In general, the ground electrode 40 is exposed to combustion of an air-fuel mixture and its temperature becomes high. Therefore, in the spark plug 100 in which the ground electrode 40 is fixed to the through hole 37 formed in the metallic shell 30, the first end portion 41 of the ground electrode 40 may possibly oxidize as a result of overheating. However, in the spark plug 100 of the present embodiment, since the second screw portion 35 is formed on the forward end side of the through hole 37 in the axial direction AD, the second screw portion 35 of the metallic shell 30 can be brought into threading engagement with the internal screw portion 93 of the engine head 90 on the forward end side of the through hole 37 as well. In general, a coolant flow passage is provided in the engine head 90. Therefore, by bringing the second screw portion 35 into threading engagement with the internal screw portion 93, a route for conducting heat from the ground electrode 40 can be also secured in a region on the forward end side of the through hole 37, which region is likely to become higher temperature. Accordingly, since an excessive increase in the temperature of the first end portion 41 of the ground electrode 40 can be prevented, oxidation of the first end portion 41 of the ground electrode 40 can be suppressed. As a result, it is possible to prevent coming off of the ground electrode 40 from the through hole 37 in a thermal cycle of the combustion chamber 95, whereby durability of the spark plug 100 can be enhanced.
In general, the temperature of the vicinity of the forward end of the spark plug 100 tends to increase toward the forward end side in the axial direction AD. Therefore, in the case where the second screw portion 35 is formed on the forward end side (in the axial direction AD) of the through hole 37 to which the ground electrode 40 is fixed, the second screw portion 35 thermally expands more than does the first screw portion 34. If the dimension of the second screw portion 35 in the radial direction increases excessively due to thermal expansion, damage such as cracking may occur at the internal screw portion 93 formed in the engine head 90. However, in the spark plug 100 of the present embodiment, since the pitch diameter of the first screw portion 34 is larger than the pitch diameter of the second screw portion 35; namely, the pitch diameter of the second screw portion 35 is smaller than the pitch diameter of the first screw portion 34, it is possible to prevent excessive increase of the dimension of the second screw portion 35 in the radial direction, which excessive increase would otherwise occur due to thermal expansion. As a result, the spark plug 100 of the present embodiment can prevent damage to the engine head 90.

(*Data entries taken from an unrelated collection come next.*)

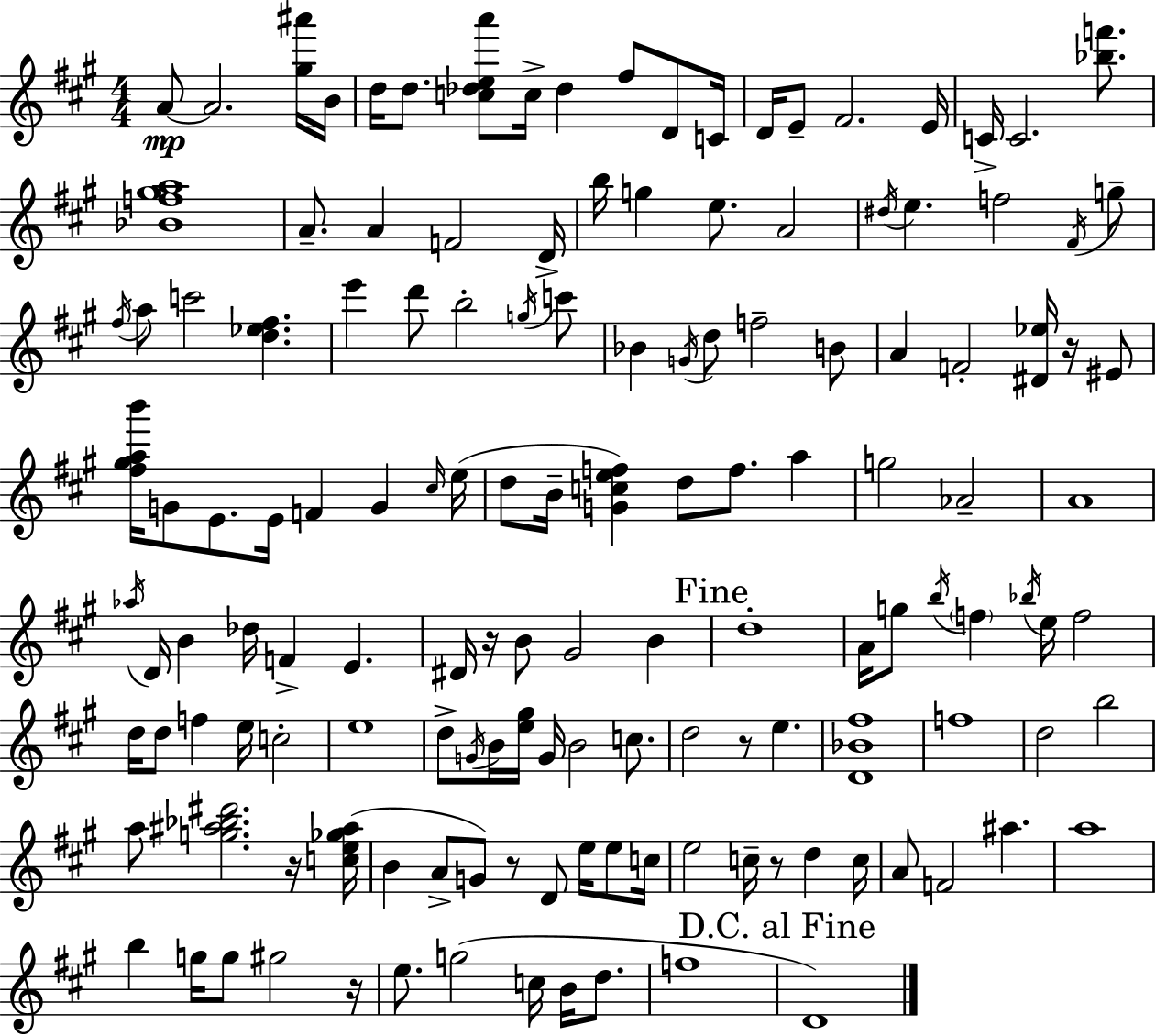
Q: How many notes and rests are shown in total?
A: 141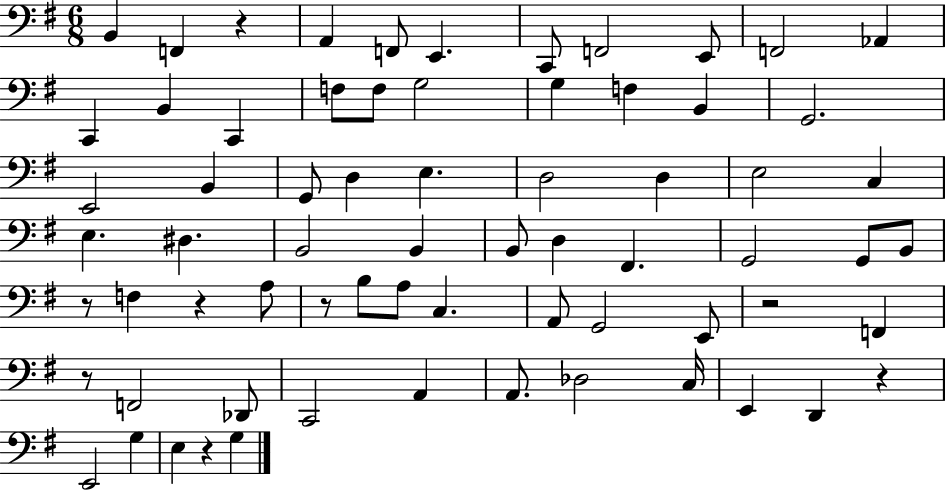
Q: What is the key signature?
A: G major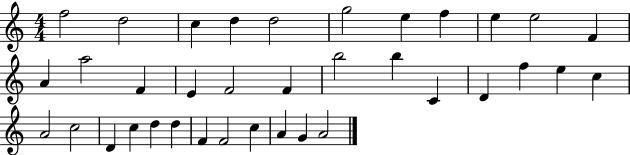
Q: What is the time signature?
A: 4/4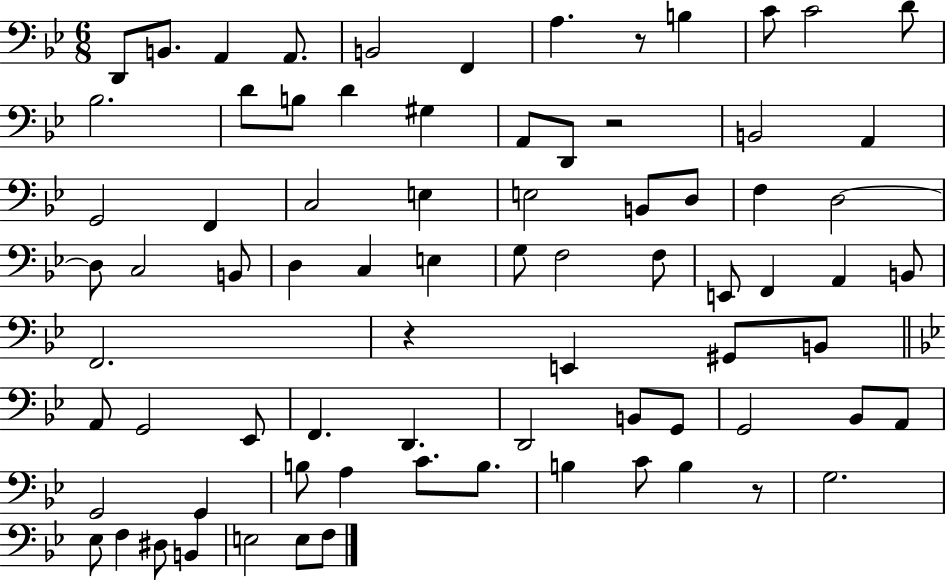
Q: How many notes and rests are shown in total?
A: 78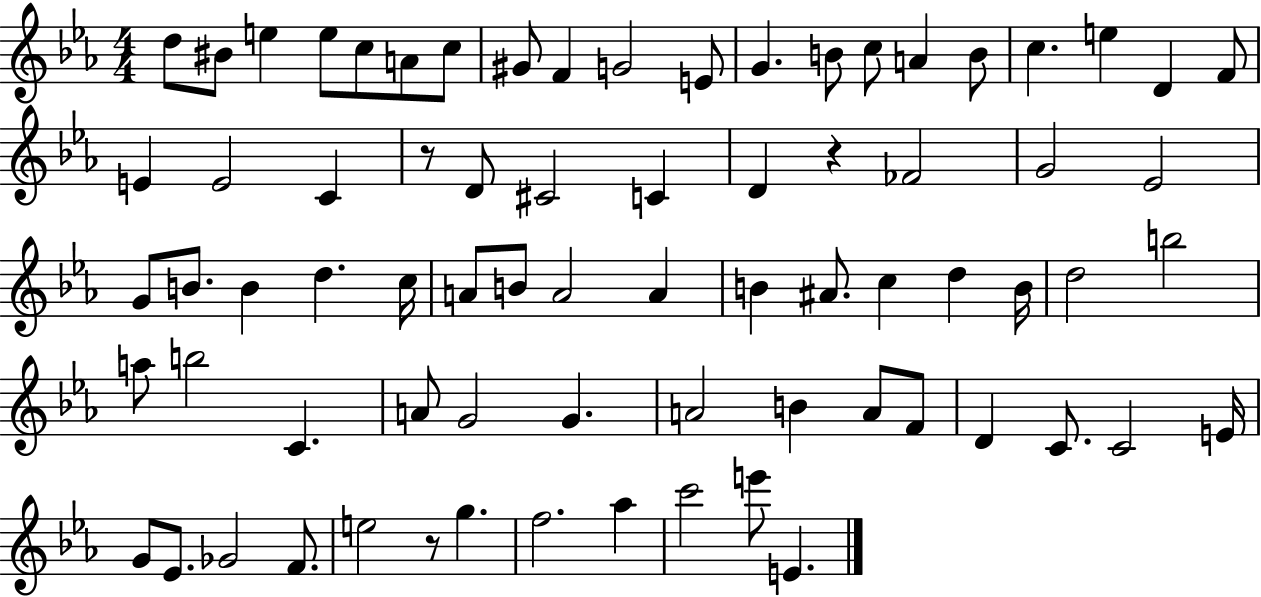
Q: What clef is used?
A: treble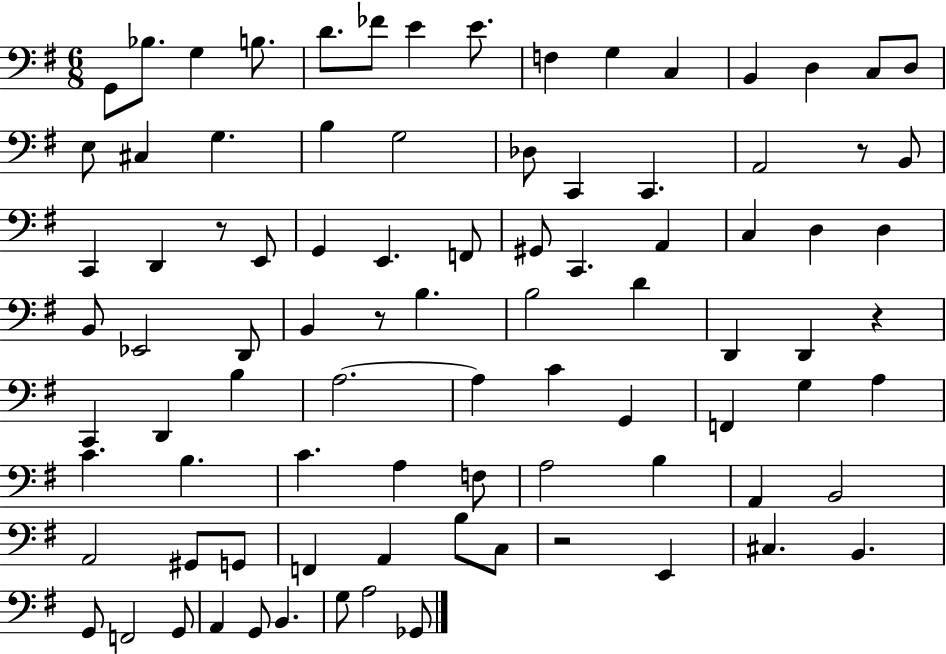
X:1
T:Untitled
M:6/8
L:1/4
K:G
G,,/2 _B,/2 G, B,/2 D/2 _F/2 E E/2 F, G, C, B,, D, C,/2 D,/2 E,/2 ^C, G, B, G,2 _D,/2 C,, C,, A,,2 z/2 B,,/2 C,, D,, z/2 E,,/2 G,, E,, F,,/2 ^G,,/2 C,, A,, C, D, D, B,,/2 _E,,2 D,,/2 B,, z/2 B, B,2 D D,, D,, z C,, D,, B, A,2 A, C G,, F,, G, A, C B, C A, F,/2 A,2 B, A,, B,,2 A,,2 ^G,,/2 G,,/2 F,, A,, B,/2 C,/2 z2 E,, ^C, B,, G,,/2 F,,2 G,,/2 A,, G,,/2 B,, G,/2 A,2 _G,,/2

In the case where the screw portion 33 is formed such that its pitch diameter becomes smaller over the entirety in the axial direction AD unlike the present application, conceivably, damage to the engine head 90 can be prevented because excessive increase of the dimension of the second screw portion 35 in the radial direction can be prevented. However, if the pitch diameter of the screw portion 33 is made smaller, the gap between the screw portion 33 and the internal screw portion 93 becomes excessively large, which may result in deterioration of gastightness. However, in the spark plug 100 of the present embodiment, since the pitch diameter of the first screw portion 34 is larger than the pitch diameter of the second screw portion 35, it is possible to prevent the gap between the first screw portion 34 and the internal screw portion 93 from becoming excessively large, thereby preventing deterioration of gastightness.
As described above, in the spark plug 100 of the present embodiment, since the pitch diameter of the first screw portion 34 located on the rear end side of the through hole 37 in the axial direction AD is larger than the pitch diameter of the second screw portion 35 located on the forward end side of the through hole 37 in the axial direction AD, it is possible to prevent excessive increase of the dimension of the second screw portion 35 in the radial direction, which excessive increase would otherwise occur due to thermal expansion. Also, it is possible to prevent the gap between the first screw portion 34 and the internal screw portion 93 from becoming excessively large, thereby maintaining gastightness at the first screw portion 34. As a result, it is possible to prevent deterioration of gastightness while preventing damage to the engine head 90.
Also, since gastightness can be secured at the first screw portion 34, even when an air-fuel mixture leaks through the gap between the through hole 37 and the first end portion 41 of the ground electrode 40, it is possible to prevent the air-fuel mixture from leaking to the outside along a bearing surface of the spark plug 100. Accordingly, the spark plug 100 of the present embodiment can prevent deterioration of gastightness more reliably as compared with a configuration in which gastightness is secured at the second screw portion 35.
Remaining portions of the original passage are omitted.